Grotesquely, this meant a number of dead celebrity accounts have had their tick marks returned too.

The infamous @dril account, with humorous tweets that are possibly a little challenging for parts of the Herald’s readership, was also “reverified”.

“Wint”, the operator of the @dril account, would not have a bar of it, and has done their best to get rid of the “baneful blue mark” by changing name repeatedly.

As of writing, @dril’s 1.7 million followers are waiting to see if Musk will rage-ban the account for not paying the bumptious billionaire’s senseless Twitter Blue subscription game.

Twitter Blue seems to have gone down like a lead balloon with users. Whereas a week ago the Verified tab on my Twitter account had more users than I cared to count, there are now none.
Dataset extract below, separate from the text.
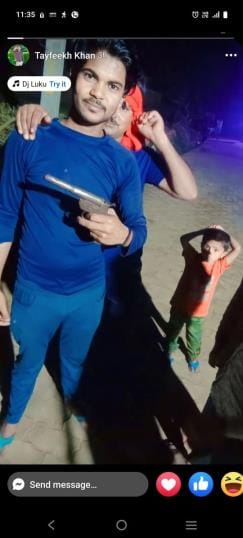 The accused arrested for making the photo viral with a pistol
Zero, zilch, nada.

Who would want to pay even the discounted $135 a year (only annual payments are offered now, and not monthly ones) to a small set of features added and be served ads just like accounts that don’t subscribe to Twitter Blue?

Like every comedy though, there is a serious side: Removing tick marks lets harmful trolls impersonate real accounts. Not only that, but some fakers pretend to be someone else and buy Twitter Blue verification to make it look as if they are, although it seems even that business model has crashed with hardly anyone subscribing.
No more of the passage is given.